* [TRY IT] Could the lines from the line bearing "WINFULL 12V 1800W" to the end of the records below be copied exactly, with the pictures left out and no other lines added?

* [INPUT DATA]
********************

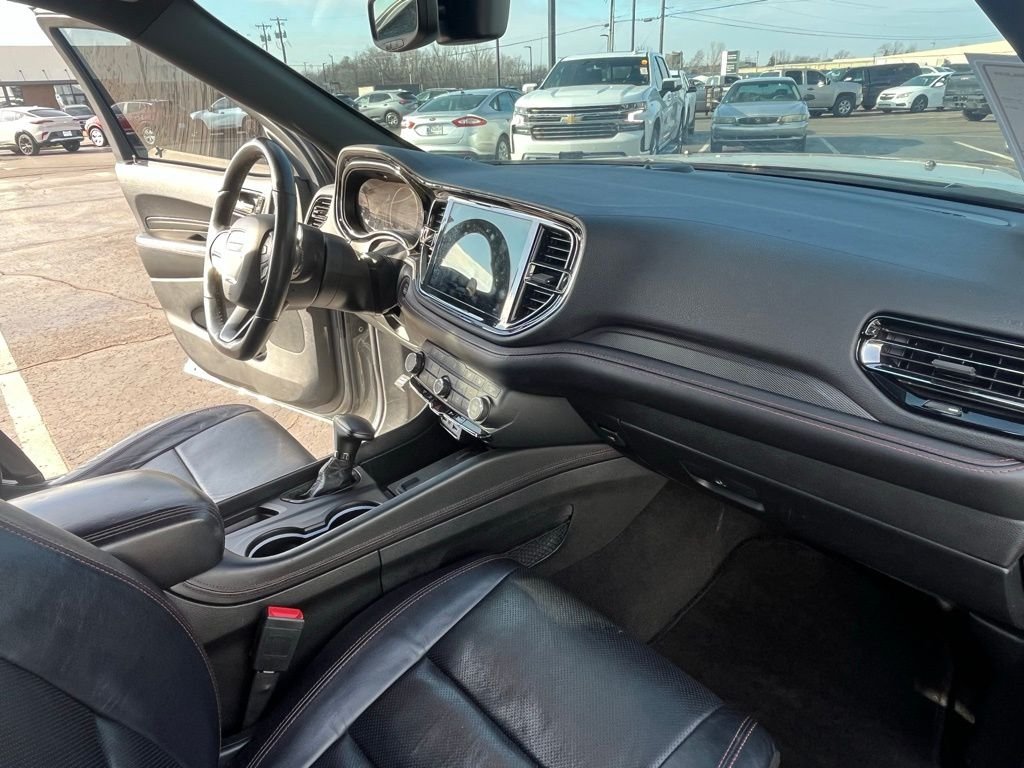 Used 2022 Gray Dodge R/T image 31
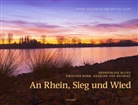 Alfre Büllesbach, Alfred Büllesbach, Klein, Michael Klein - An Rhein, Sieg und Wied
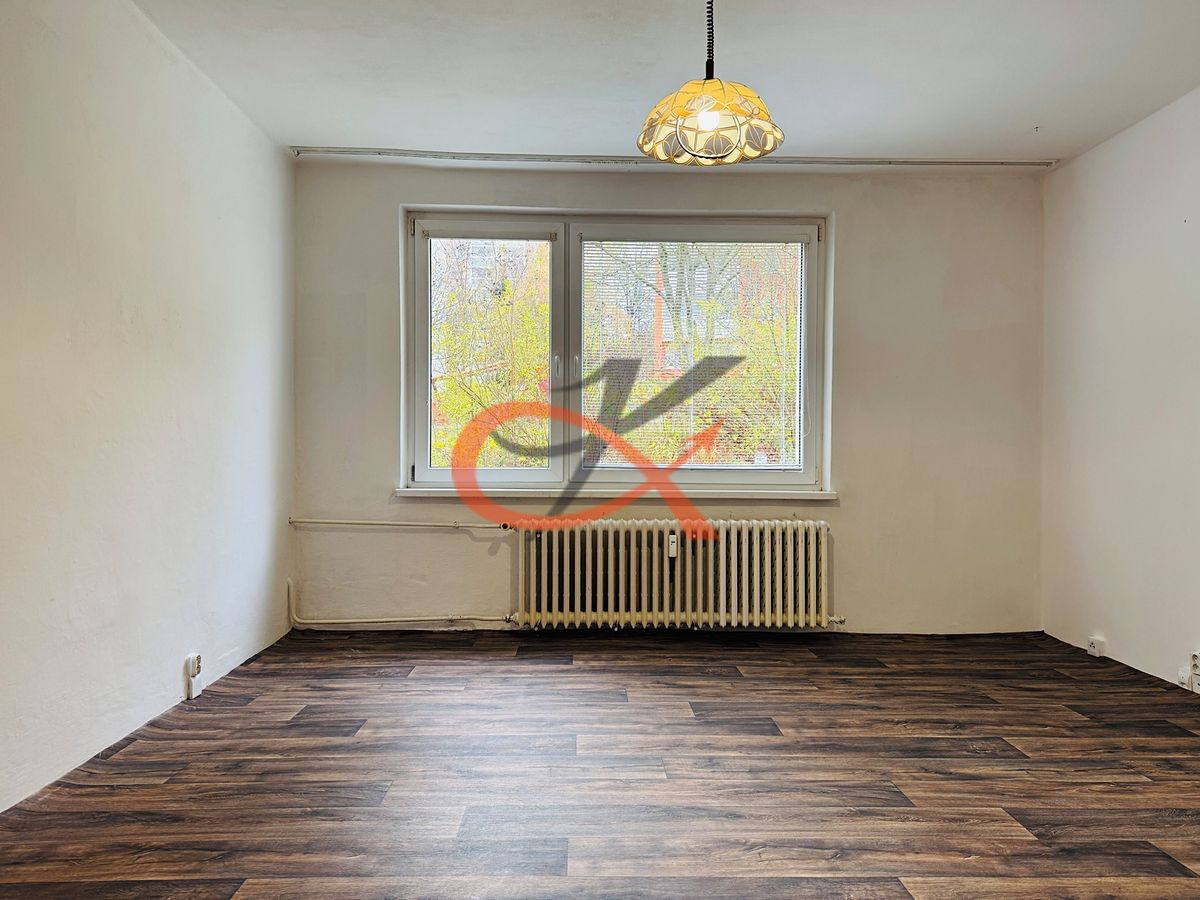 Pronájem bytu 1+1 40 m² – fotografie 3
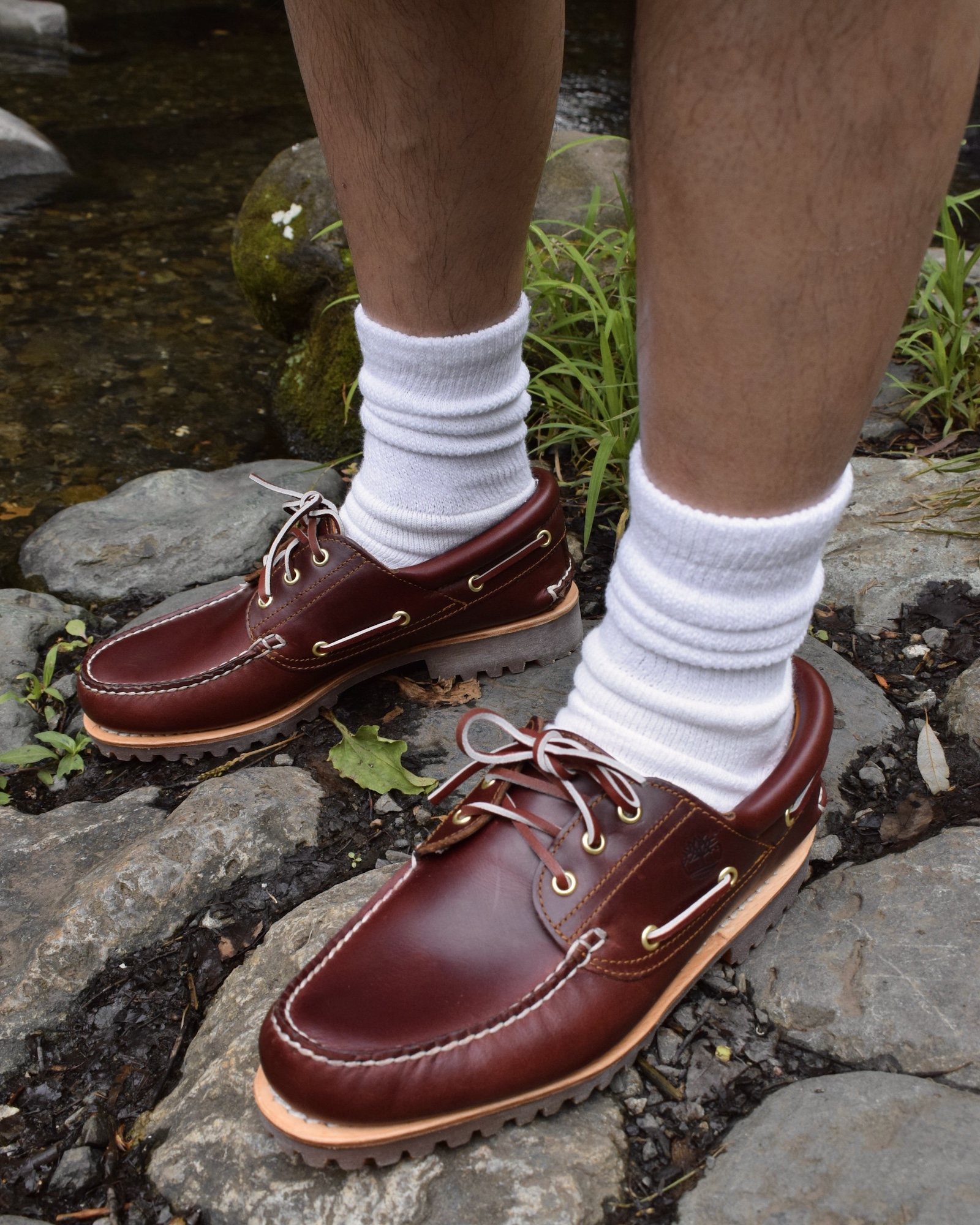 Timbs | the Apartment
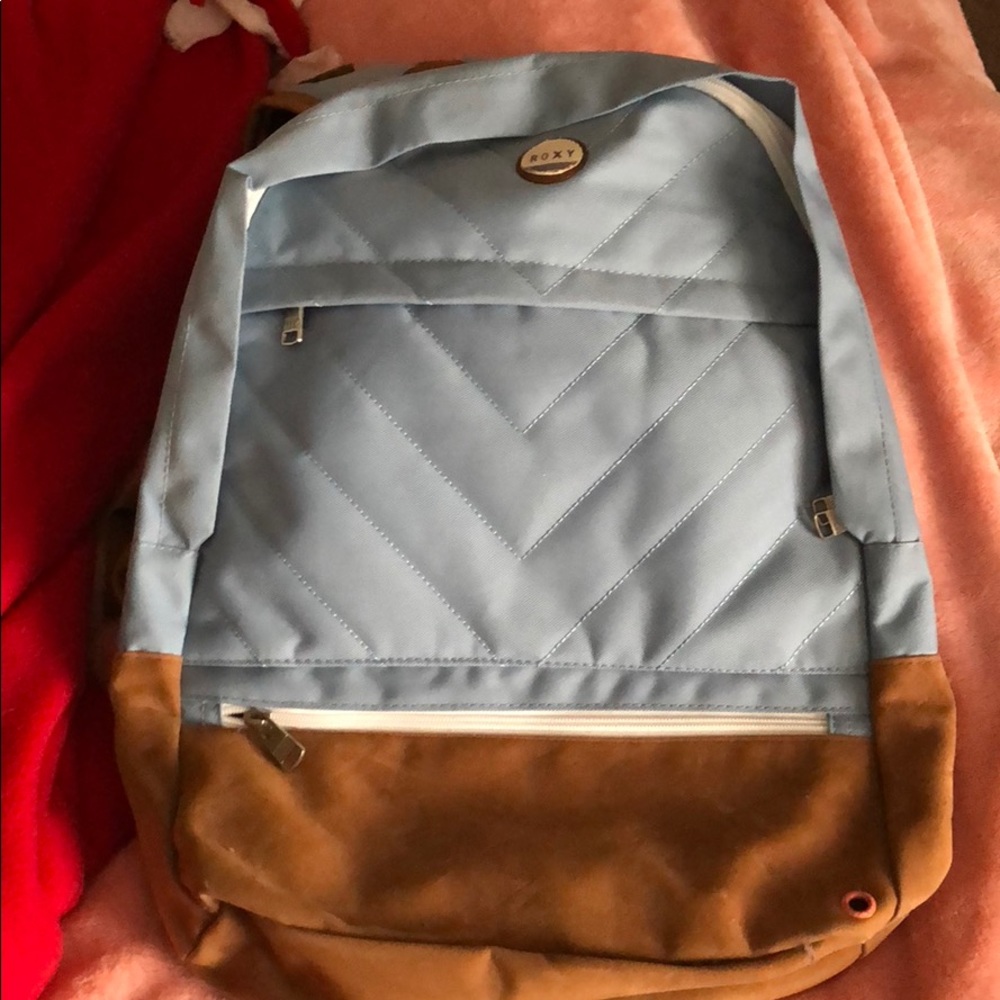Roxy backpack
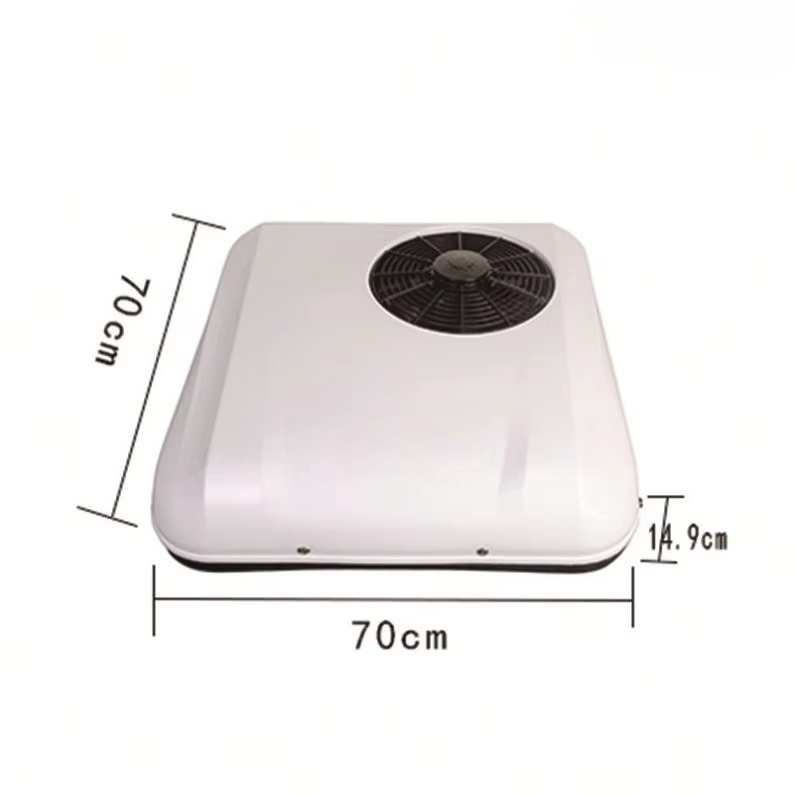 WINFULL 12V 1800W Koelcapacite - Electronics & Gadgets Starting With T recensie en prijs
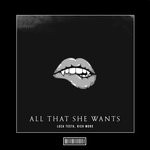 cover: LUCA TESTA|Rich More - All That She Wants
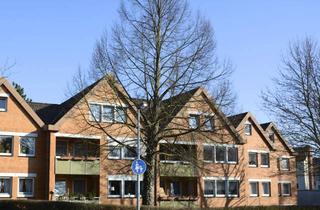 Wohnung mieten in Barchusen, 31789 Hameln, Gemütliche Seniorenwohnung in Klein Berkel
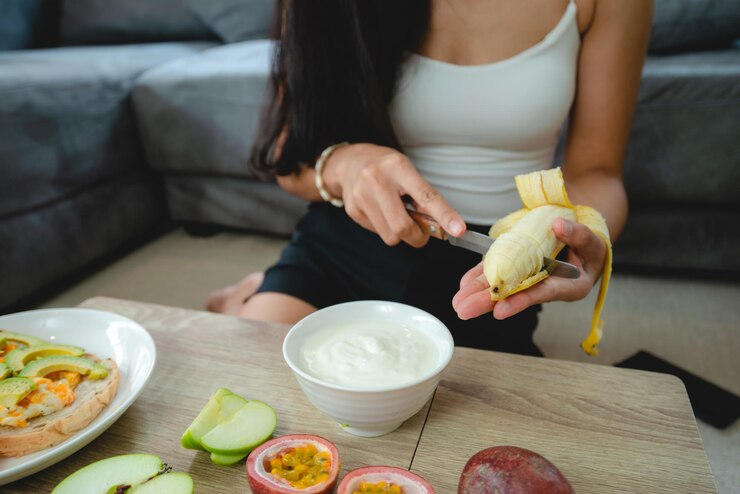 Исключенные продукты и блюда из рациона после операции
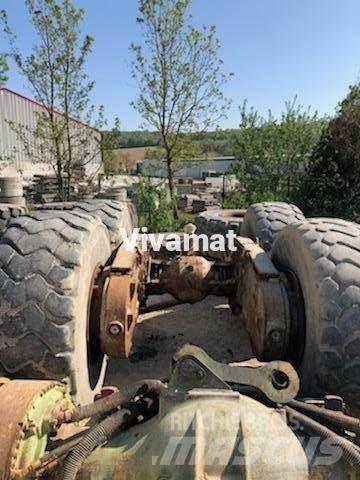 Terex 3340 기타 부품  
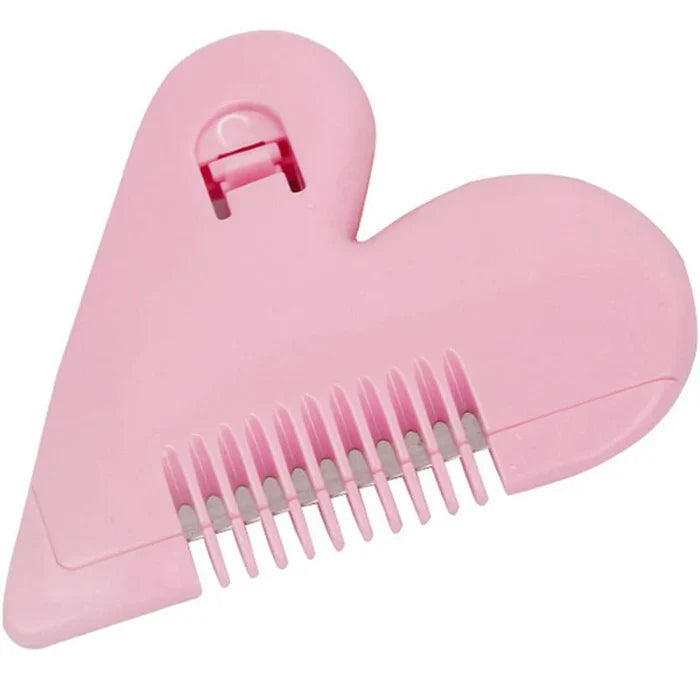 Kids Hair Trimmer Comb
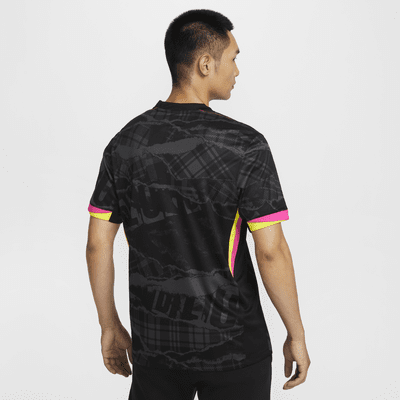 Nike Tercera equipación Stadium Chelsea FC 2024/25Camiseta de fútbol Replica Nike Dri-FIT - Hombre Rebajas de fábrica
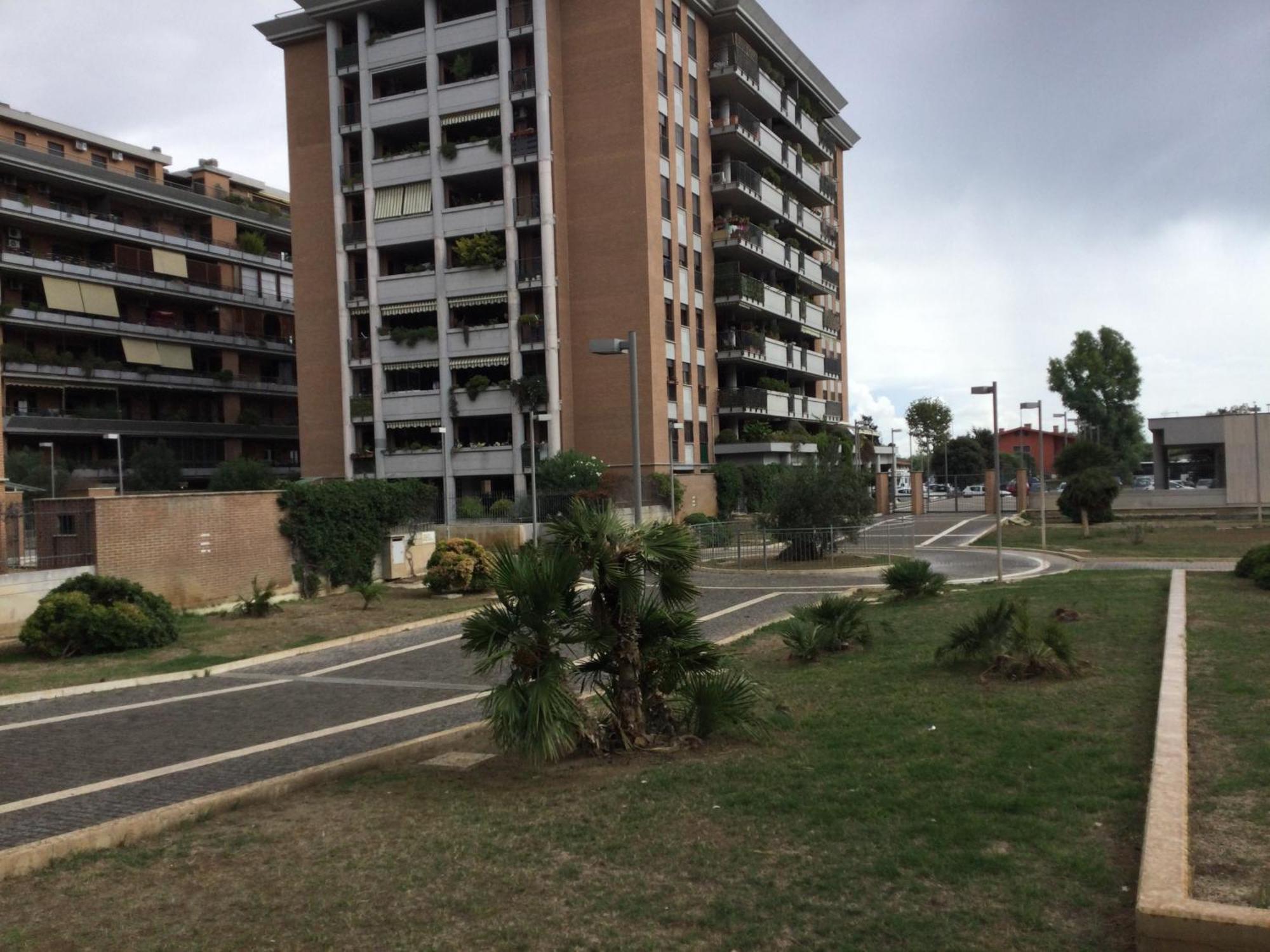 Fiumicino Relax House 아파트 외부 사진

********************

* [EXERCISE OUTPUT]
 WINFULL 12V 1800W Koelcapacite - Electronics & Gadgets Starting With T recensie en prijs
 cover: LUCA TESTA|Rich More - All That She Wants
 Wohnung mieten in Barchusen, 31789 Hameln, Gemütliche Seniorenwohnung in Klein Berkel
 Исключенные продукты и блюда из рациона после операции
 Terex 3340 기타 부품  
 Kids Hair Trimmer Comb
 Nike Tercera equipación Stadium Chelsea FC 2024/25Camiseta de fútbol Replica Nike Dri-FIT - Hombre Rebajas de fábrica
 Fiumicino Relax House 아파트 외부 사진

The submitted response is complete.